Now deep in the process, I tried to push on shaping a loaf into a basket and leaving it to prove overnight. When I turned that loaf out of the basket I no longer had a loaf. I loaded a collapsing mound of sticky dough into the oven hoping against hope it might rise a little in the oven. What came out of the oven was a flat mess. The entire process was a slow motion disaster from the beginning.

The output – half flat and half rounded. Tastes fine.

There are many points in that process where my execution of the sourdough bread failed. However, the bigger challenges were not my techniques of delivery but in the environment and mindsets surrounding the work:

  • I didn’t have a clear reason to start
  • I didn’t get ready to execute properly
  • I didn’t focus exclusively on getting the job done well
  • I was distracted by other goals
  • I kept convincing myself it would work out OK if I kept going
  • I tried to make late changes to fix earlier errors
  • I didn’t have any help, other viewpoints or external checkpoints to make me review my decisions
  • I fell into the sunk cost fallacy trying to finish when I should have seen the failure and started again
  • I felt the need to get the job done, rather than the pressure to do the job well.

Avoiding Slow Motion Disasters

Having been involved in many corporate projects, I have seen organisations experience many of the issues of delivery that I experienced above. These issues shape the ability of the team doing the delivery to manage the project and to succeed.

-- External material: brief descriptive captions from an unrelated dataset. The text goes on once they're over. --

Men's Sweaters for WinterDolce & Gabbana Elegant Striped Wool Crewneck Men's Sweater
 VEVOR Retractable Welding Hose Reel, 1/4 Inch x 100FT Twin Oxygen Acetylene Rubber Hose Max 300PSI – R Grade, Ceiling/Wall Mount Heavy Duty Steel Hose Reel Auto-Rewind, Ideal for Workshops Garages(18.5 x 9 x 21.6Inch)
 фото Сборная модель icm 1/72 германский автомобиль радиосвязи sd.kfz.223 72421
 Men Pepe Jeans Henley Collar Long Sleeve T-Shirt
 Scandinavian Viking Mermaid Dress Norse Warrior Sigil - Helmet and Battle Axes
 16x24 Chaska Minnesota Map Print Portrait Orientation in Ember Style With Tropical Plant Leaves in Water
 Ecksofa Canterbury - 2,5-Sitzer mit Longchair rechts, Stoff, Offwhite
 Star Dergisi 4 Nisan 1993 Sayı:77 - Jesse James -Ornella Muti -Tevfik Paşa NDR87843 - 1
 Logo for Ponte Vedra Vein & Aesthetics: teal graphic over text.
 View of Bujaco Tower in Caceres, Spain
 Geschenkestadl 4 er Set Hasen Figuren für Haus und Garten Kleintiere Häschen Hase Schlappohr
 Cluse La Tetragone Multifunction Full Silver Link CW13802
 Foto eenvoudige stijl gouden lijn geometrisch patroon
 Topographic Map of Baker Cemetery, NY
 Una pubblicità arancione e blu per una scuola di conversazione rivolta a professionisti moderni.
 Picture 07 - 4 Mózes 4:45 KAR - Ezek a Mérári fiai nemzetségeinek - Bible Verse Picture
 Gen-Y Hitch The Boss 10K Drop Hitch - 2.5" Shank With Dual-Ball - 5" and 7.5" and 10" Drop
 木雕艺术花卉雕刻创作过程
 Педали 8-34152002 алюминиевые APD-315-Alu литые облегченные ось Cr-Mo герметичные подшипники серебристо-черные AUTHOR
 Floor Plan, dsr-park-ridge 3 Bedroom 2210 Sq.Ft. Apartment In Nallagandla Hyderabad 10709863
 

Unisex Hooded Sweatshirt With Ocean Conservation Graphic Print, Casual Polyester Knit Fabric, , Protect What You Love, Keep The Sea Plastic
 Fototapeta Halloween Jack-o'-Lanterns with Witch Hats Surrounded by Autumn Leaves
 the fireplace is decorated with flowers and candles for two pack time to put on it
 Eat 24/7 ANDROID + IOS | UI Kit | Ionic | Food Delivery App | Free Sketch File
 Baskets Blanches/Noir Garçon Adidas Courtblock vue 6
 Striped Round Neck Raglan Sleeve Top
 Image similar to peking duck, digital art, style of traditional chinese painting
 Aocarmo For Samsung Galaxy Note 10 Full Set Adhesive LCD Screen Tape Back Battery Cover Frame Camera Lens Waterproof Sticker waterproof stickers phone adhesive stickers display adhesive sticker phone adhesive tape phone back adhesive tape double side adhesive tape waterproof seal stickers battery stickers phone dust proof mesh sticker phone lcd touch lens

Talents are variable. Circumstances change. Mistakes will happen. Obstacles will get in the way. The challenge of effective delivery is how to design work so that the job gets done despite the skills, mistakes and the obstacles. That takes organisations to think through the goals, the support and the environment of the project to help those doing the delivery to best adapt to what happens. Process and talent won’t get you there alone.

Effectively delivery demands an environment where:

  • Clear outcomes are set and the outcomes matter most to the team and the stakeholders of the work
  • Work is put into preparation and clearing the path for the team doing the delivery to focus on their work
  • Hard conversations are had and clear choices are made to start, stop or continue based on progress towards the outcomes
  • Accountabilities are clear and teams are supported with autonomy, trust and support to achieve their outcomes around and through challenges
  • Issues are addressed properly as they arise
  • The environment, support and collaboration enables the project to work through issues, to make the needed changes and to pursue the agreed outcomes that define success. 

Poor execution is not a mystery and it is not always the fault of the team’s at work on delivery. Often organisations need to take a hard look at the contributions of leadership, debate, decision making and collaboration in achieving effective execution. Execution is as much an artefact of the culture of an organisation as any other activity.

Execution is a Big Learning challenge

‘Vision without execution is just hallucination’ Thomas Edison

Vision & strategy is nothing without execution. Execution is often presented as a challenge of discipline. However the discipline at the heart of great execution is learning. Organisations need to use Big Learning systems to adaptive lay execute their strategy

Vision & Strategy are Hypotheses

The PowerPoint deck might land on the desk with a reassuring thud. The tables of data, the charts and the pictures explaining the vision and strategy are impressive. No matter how excited your strategy team is their plan is just still a guess.

Competitors don’t sit still. Customers are fickle. You underestimated the effort. You over estimated the upside. Reality is always different when you execute a strategy. Local leaders need to adapt the strategy to the reality they must tackle.

Organisations have tried to enforce stronger execution discipline to prevent this adaptation. They worry that the fragmentation of approach will cause issues. However a disciplined execution of a strategy that is not fit doesn’t add any value and can be disastrous. The learning opportunities for the organisation are lost.

Learning and adapting in coordinated ways throughout the organisation is the art of Big Learning. If your vision and strategy can’t adapt to reality, it is still a hallucination, no matter how widely it is shared. Organisations need to focus less on the discipline and more of the coordination of learning throughout the organisation. Finding effective adaptations and proofs of the strategy at work, changing to align and sharing them widely is what brings a vision to life.